**WHAT THE TASK REQUIRES:**
Lines in the listing below that hold "Black" are the ones to copy.

**INPUT DATA:**
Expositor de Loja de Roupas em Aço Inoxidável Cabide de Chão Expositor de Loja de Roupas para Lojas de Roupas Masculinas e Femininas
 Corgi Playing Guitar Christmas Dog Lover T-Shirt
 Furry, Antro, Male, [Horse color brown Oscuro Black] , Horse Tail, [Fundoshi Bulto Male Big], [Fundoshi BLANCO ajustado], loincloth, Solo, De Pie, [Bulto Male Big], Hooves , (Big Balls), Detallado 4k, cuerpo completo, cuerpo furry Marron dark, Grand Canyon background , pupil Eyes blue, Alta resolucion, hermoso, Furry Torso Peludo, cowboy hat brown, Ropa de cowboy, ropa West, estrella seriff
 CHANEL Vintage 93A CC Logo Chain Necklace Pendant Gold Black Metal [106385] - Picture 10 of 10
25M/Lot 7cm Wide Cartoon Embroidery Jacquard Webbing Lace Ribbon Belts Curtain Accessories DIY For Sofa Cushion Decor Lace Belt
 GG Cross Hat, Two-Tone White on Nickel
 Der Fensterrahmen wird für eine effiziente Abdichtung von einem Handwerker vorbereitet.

**SOLVED PROBLEM:**
 Furry, Antro, Male, [Horse color brown Oscuro Black] , Horse Tail, [Fundoshi Bulto Male Big], [Fundoshi BLANCO ajustado], loincloth, Solo, De Pie, [Bulto Male Big], Hooves , (Big Balls), Detallado 4k, cuerpo completo, cuerpo furry Marron dark, Grand Canyon background , pupil Eyes blue, Alta resolucion, hermoso, Furry Torso Peludo, cowboy hat brown, Ropa de cowboy, ropa West, estrella seriff
 CHANEL Vintage 93A CC Logo Chain Necklace Pendant Gold Black Metal [106385] - Picture 10 of 10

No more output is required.